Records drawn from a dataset
=== Section Start ===
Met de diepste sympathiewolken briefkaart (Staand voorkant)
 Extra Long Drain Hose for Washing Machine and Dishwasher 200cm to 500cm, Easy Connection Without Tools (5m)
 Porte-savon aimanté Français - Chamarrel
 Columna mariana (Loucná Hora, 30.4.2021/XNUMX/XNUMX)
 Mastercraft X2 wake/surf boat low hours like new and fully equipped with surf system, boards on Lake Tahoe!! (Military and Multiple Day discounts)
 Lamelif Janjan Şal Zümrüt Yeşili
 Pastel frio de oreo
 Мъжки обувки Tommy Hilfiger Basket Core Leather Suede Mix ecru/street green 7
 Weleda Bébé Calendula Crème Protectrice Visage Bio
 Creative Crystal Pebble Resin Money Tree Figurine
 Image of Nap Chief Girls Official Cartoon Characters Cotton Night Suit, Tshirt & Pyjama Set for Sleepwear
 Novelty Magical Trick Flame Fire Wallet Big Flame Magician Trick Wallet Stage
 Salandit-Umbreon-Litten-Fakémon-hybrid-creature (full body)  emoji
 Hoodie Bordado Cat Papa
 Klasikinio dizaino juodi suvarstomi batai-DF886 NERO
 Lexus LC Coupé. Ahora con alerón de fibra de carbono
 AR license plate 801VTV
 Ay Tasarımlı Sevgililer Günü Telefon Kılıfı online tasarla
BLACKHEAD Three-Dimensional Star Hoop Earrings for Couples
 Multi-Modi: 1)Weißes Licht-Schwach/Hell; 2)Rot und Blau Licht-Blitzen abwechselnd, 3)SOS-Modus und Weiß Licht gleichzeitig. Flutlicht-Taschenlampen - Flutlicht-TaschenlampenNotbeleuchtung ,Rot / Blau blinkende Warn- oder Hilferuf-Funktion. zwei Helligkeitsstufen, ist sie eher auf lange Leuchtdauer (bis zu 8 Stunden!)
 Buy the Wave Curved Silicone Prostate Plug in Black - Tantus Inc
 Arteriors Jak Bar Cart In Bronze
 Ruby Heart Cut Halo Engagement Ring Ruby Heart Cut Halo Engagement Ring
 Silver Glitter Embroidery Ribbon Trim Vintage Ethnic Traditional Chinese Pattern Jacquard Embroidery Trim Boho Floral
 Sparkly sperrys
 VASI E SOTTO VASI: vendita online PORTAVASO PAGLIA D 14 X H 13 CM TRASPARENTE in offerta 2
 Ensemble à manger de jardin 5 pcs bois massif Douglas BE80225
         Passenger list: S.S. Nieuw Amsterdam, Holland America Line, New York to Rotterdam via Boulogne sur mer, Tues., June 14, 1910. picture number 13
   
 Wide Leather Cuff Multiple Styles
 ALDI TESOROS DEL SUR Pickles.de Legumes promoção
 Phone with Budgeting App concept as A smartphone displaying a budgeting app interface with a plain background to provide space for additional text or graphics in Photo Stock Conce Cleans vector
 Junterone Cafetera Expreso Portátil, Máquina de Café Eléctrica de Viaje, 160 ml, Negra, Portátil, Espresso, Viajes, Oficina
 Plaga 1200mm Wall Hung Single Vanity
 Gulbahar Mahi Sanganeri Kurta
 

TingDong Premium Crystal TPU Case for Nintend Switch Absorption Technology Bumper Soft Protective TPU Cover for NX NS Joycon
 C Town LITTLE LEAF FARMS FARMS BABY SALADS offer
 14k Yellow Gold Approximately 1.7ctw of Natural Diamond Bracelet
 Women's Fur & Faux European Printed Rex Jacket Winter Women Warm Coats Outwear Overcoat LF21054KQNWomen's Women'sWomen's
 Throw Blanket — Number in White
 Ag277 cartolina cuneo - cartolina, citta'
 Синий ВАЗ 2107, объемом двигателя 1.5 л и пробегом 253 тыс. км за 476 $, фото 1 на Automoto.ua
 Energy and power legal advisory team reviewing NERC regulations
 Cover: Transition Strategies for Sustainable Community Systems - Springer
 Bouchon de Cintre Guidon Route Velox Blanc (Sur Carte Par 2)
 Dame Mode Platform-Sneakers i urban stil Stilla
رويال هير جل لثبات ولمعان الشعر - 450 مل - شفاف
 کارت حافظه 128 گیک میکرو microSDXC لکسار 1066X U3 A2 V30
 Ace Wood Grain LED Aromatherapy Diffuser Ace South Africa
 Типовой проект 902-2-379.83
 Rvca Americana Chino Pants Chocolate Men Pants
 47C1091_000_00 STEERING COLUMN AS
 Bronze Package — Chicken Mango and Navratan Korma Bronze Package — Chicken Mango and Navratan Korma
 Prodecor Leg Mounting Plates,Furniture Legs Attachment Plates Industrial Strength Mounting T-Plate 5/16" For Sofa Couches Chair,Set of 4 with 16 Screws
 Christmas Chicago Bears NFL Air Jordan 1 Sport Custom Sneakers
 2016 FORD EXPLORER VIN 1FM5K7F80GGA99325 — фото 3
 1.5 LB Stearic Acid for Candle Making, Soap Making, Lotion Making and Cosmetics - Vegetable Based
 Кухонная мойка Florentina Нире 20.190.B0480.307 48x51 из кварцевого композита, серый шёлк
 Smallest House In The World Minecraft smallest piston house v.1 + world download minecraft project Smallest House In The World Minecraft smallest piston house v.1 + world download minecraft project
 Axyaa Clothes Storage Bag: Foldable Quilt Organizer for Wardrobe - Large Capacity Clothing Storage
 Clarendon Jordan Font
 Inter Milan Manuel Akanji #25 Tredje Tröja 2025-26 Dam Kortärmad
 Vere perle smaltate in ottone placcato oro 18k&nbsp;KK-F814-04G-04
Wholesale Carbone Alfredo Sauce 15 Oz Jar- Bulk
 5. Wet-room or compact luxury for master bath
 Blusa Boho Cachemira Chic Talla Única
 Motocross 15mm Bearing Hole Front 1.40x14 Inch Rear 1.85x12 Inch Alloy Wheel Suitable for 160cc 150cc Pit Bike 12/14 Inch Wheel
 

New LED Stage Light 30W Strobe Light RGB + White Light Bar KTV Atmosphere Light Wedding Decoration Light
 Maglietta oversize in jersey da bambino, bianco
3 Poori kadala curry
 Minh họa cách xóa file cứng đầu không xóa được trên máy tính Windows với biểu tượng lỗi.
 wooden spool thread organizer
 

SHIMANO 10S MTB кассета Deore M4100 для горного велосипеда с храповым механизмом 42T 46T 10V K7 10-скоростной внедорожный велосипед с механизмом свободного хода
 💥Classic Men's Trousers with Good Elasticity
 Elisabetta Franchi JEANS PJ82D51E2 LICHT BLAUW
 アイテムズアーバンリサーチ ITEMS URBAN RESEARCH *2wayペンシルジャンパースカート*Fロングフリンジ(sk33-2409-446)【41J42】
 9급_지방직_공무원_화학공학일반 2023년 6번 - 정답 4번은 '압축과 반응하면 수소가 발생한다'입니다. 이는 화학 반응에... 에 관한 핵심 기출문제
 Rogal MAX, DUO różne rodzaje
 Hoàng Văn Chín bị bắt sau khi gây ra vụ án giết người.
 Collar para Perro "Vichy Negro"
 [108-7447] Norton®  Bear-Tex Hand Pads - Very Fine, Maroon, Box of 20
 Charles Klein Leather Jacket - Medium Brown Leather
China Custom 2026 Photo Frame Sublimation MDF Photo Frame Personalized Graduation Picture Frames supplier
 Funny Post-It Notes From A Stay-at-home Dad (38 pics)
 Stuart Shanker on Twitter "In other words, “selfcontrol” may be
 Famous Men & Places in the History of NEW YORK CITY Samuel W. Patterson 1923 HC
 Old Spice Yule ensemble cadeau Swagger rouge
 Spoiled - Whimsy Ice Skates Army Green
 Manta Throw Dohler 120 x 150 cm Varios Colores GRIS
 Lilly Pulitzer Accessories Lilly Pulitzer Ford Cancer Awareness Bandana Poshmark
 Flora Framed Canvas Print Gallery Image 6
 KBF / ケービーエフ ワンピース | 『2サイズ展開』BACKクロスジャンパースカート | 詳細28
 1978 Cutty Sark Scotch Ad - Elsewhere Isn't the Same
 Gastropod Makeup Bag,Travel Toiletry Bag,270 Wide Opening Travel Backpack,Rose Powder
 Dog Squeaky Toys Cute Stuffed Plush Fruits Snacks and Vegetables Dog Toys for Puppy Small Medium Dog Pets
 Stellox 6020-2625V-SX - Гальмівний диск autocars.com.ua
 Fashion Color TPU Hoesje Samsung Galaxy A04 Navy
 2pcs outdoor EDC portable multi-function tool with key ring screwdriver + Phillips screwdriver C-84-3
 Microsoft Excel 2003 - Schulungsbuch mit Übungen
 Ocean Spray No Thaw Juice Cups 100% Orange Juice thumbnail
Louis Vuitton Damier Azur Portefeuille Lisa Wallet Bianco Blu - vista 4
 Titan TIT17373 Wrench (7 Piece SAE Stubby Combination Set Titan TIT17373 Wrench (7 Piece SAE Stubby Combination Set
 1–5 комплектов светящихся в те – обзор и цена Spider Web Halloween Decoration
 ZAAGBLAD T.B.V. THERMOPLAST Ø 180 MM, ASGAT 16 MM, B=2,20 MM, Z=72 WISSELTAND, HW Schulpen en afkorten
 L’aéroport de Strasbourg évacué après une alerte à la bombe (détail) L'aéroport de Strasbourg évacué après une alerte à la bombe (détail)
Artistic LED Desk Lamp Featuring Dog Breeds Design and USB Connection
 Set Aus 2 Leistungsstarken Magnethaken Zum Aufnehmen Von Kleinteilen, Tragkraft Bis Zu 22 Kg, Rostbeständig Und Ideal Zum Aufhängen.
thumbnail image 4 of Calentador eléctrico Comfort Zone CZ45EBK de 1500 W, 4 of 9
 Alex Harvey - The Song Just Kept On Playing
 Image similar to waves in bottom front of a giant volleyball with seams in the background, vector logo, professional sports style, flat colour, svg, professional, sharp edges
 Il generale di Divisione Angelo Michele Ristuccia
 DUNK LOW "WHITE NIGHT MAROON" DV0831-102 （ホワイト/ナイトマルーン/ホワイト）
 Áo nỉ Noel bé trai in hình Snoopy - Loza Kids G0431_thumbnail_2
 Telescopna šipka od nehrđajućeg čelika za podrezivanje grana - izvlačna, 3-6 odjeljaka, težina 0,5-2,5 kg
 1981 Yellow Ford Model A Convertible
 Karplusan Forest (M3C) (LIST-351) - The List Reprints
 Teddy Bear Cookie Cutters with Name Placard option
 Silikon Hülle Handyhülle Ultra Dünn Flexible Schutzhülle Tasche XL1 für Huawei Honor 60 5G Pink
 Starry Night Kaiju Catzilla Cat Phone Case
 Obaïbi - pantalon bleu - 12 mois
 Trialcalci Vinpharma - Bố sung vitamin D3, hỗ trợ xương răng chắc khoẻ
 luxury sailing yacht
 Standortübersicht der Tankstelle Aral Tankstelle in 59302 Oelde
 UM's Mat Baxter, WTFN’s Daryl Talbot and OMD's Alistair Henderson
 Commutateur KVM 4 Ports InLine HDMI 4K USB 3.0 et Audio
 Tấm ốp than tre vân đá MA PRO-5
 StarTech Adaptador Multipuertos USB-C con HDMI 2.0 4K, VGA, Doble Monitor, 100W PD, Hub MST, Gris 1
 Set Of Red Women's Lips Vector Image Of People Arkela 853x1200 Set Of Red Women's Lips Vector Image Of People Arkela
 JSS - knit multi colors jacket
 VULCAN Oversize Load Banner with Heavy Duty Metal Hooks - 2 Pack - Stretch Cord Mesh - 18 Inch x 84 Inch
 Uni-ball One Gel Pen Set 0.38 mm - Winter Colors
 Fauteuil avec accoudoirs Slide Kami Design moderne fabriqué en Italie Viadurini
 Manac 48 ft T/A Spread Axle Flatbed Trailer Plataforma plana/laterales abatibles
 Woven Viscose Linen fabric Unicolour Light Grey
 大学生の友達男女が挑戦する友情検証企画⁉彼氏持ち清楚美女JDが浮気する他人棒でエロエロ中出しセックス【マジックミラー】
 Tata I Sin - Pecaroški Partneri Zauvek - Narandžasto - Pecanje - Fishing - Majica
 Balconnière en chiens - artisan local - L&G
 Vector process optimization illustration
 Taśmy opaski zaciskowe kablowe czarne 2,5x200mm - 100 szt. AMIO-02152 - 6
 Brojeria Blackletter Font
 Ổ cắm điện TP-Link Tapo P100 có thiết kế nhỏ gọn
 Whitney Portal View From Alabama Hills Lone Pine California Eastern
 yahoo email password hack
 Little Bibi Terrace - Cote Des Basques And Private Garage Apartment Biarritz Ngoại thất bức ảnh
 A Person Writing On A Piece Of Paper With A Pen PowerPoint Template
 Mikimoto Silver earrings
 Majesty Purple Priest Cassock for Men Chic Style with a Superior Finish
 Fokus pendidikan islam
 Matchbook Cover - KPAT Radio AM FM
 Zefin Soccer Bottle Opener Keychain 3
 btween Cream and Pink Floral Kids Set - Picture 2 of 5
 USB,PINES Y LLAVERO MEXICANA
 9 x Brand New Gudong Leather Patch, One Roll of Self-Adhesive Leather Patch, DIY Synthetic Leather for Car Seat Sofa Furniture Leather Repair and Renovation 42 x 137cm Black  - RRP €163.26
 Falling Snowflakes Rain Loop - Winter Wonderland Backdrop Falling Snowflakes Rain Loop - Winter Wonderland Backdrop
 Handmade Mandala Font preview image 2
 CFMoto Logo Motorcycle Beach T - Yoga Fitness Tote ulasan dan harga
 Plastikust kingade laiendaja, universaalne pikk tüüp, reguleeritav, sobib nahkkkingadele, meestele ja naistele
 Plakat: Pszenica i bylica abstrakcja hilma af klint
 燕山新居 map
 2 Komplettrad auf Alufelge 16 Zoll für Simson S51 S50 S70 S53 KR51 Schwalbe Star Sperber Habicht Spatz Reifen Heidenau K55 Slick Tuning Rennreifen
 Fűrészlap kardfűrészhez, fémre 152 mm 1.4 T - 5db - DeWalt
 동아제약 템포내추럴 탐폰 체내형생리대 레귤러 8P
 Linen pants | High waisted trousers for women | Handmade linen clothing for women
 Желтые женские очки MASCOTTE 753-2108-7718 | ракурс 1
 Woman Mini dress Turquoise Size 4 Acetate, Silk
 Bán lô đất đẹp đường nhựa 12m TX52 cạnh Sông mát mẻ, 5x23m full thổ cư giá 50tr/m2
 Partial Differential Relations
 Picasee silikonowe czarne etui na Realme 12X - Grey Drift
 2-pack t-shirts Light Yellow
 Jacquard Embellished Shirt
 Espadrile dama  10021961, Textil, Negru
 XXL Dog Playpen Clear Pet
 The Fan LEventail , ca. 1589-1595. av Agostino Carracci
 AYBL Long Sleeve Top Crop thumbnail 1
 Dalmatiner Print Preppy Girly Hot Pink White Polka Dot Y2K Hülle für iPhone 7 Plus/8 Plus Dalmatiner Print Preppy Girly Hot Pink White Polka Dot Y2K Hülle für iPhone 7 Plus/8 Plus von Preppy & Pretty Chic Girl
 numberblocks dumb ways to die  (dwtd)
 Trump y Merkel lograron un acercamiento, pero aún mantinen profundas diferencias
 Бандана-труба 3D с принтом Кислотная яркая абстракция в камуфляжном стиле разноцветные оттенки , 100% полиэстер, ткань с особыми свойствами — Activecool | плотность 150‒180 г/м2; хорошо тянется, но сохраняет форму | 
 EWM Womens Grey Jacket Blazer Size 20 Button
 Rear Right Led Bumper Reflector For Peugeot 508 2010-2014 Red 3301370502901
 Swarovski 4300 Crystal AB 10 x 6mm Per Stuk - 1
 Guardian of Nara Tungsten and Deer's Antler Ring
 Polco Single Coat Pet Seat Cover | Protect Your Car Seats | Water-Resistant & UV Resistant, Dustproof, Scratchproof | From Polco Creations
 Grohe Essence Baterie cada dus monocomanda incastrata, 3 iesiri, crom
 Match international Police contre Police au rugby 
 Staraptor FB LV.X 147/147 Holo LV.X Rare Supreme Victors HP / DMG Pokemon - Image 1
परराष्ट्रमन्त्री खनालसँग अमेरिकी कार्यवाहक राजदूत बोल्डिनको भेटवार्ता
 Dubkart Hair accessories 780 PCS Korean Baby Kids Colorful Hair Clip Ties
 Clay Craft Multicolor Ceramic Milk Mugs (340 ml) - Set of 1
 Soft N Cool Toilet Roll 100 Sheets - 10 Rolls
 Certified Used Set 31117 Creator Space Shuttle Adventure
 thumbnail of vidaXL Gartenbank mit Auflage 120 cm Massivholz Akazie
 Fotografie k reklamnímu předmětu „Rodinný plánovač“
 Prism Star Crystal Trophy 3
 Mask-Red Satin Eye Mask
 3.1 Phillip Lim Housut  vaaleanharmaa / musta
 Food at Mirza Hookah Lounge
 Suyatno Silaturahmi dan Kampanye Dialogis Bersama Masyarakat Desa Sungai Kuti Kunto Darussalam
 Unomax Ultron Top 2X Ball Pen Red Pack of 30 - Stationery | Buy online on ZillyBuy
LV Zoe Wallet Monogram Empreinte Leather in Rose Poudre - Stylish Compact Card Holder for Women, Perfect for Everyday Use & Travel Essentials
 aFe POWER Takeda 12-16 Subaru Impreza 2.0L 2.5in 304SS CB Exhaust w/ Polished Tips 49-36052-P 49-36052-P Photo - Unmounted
=== Section End ===
_Instructions to follow_
Look above for the line with "Match international Police" and the line with "Dubkart Hair accessories"; transcribe both and all lines in between, exactly, and nothing else.

_Task solution_
 Match international Police contre Police au rugby 
 Staraptor FB LV.X 147/147 Holo LV.X Rare Supreme Victors HP / DMG Pokemon - Image 1
परराष्ट्रमन्त्री खनालसँग अमेरिकी कार्यवाहक राजदूत बोल्डिनको भेटवार्ता
 Dubkart Hair accessories 780 PCS Korean Baby Kids Colorful Hair Clip Ties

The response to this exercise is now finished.